■ Data records ■
== Segment start ==
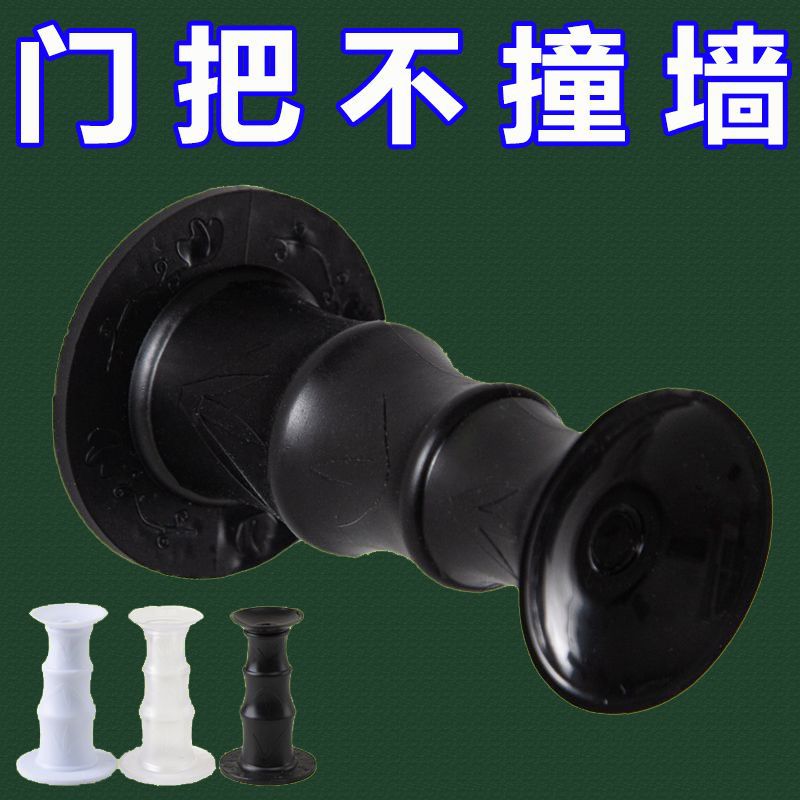 Silicone anti-collision door stop, a new type of household door stop without drilling, bathroom door anti-collision silicone, bedroom floor door stop full figure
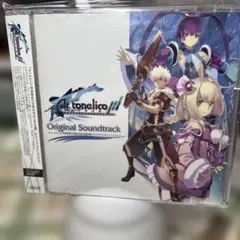 2026年最新】アルトネリコ3の人気アイテム - メルカリ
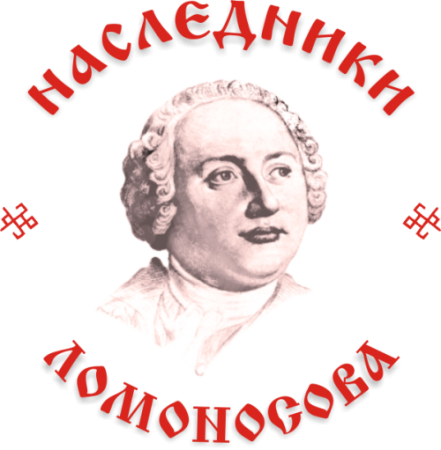 Наследники Ломоносова 2021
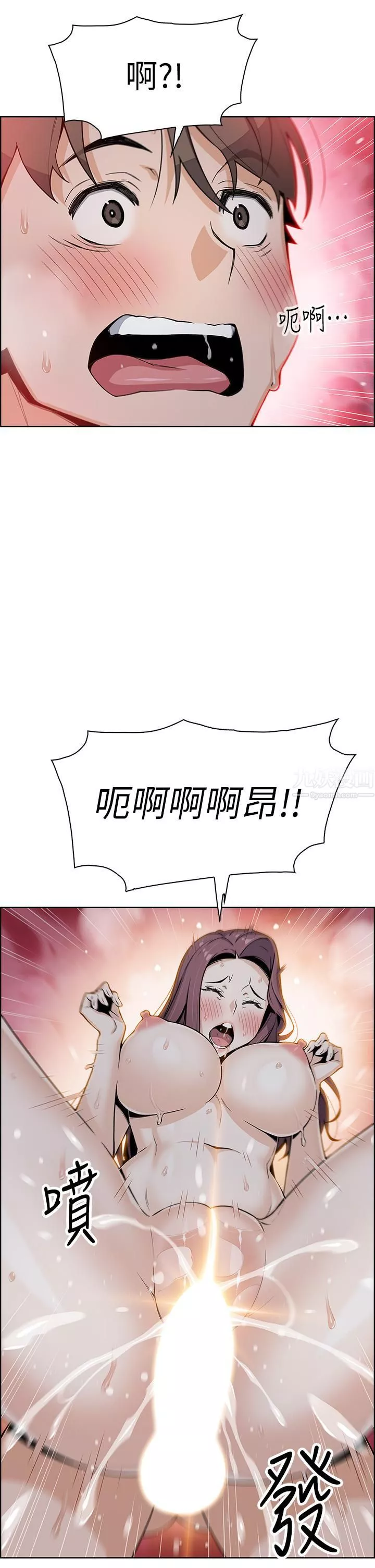 賣豆腐的母女們第23話-渴求肉棒的晶卉♥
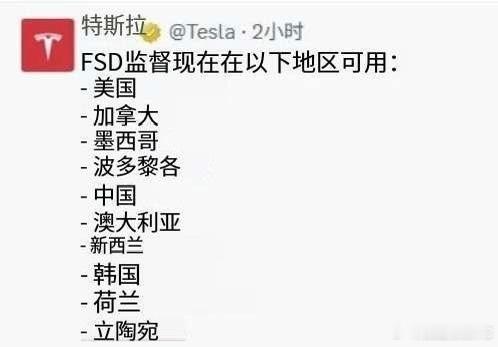 特斯拉监督版FSD入华好期待啊会不会和在北美的体验一样呢？听说已经在招聘工程师了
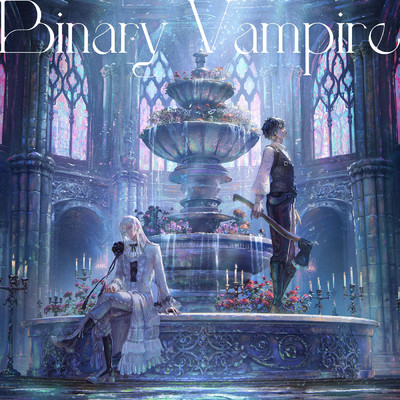 Binary Vampire/Re:vale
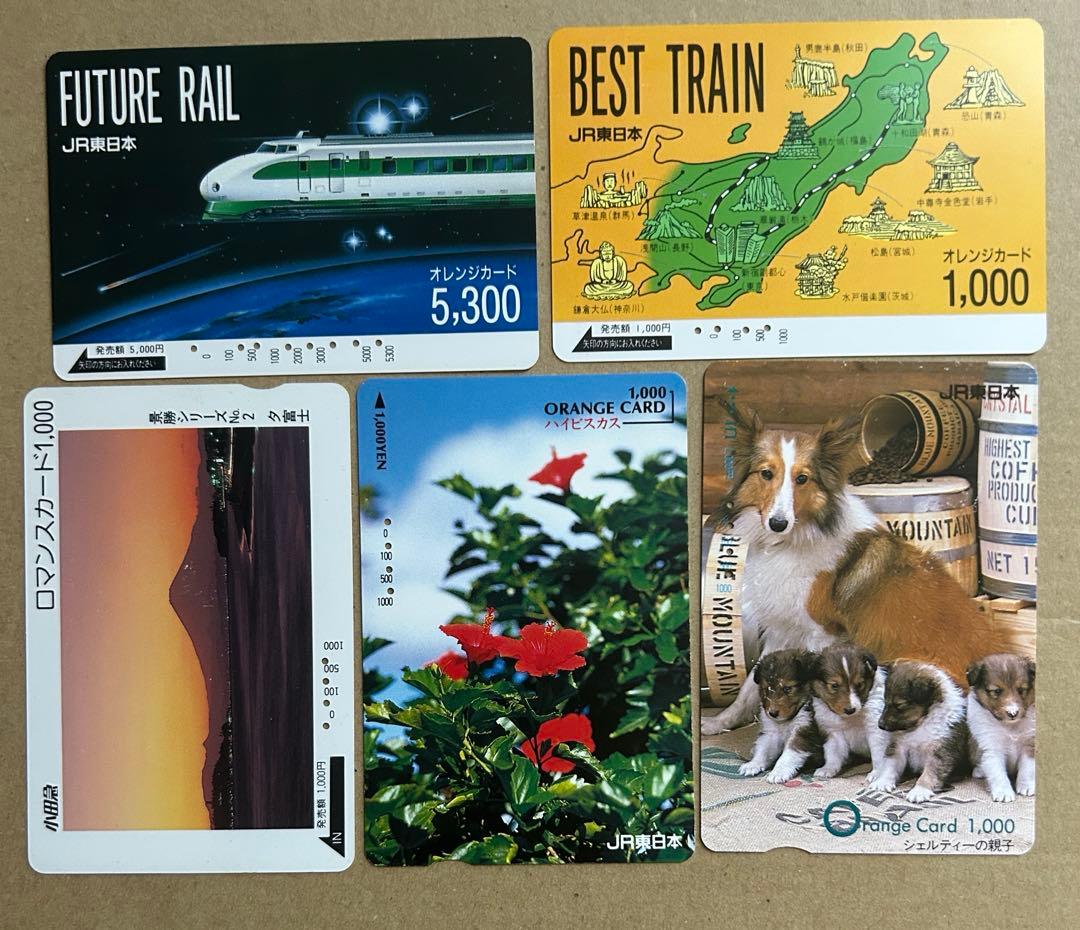 オレンジカード、ロマンスカード 使用済 11枚 - メルカリ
== Segment end ==
■ WHAT IS NEEDED ■
Copy exactly, please, every line from the one holding "Binary Vampire/Re:vale" through the last line of the data, both ends included, and no pictures.

■ SOLVED PROBLEM ■
 Binary Vampire/Re:vale
 オレンジカード、ロマンスカード 使用済 11枚 - メルカリ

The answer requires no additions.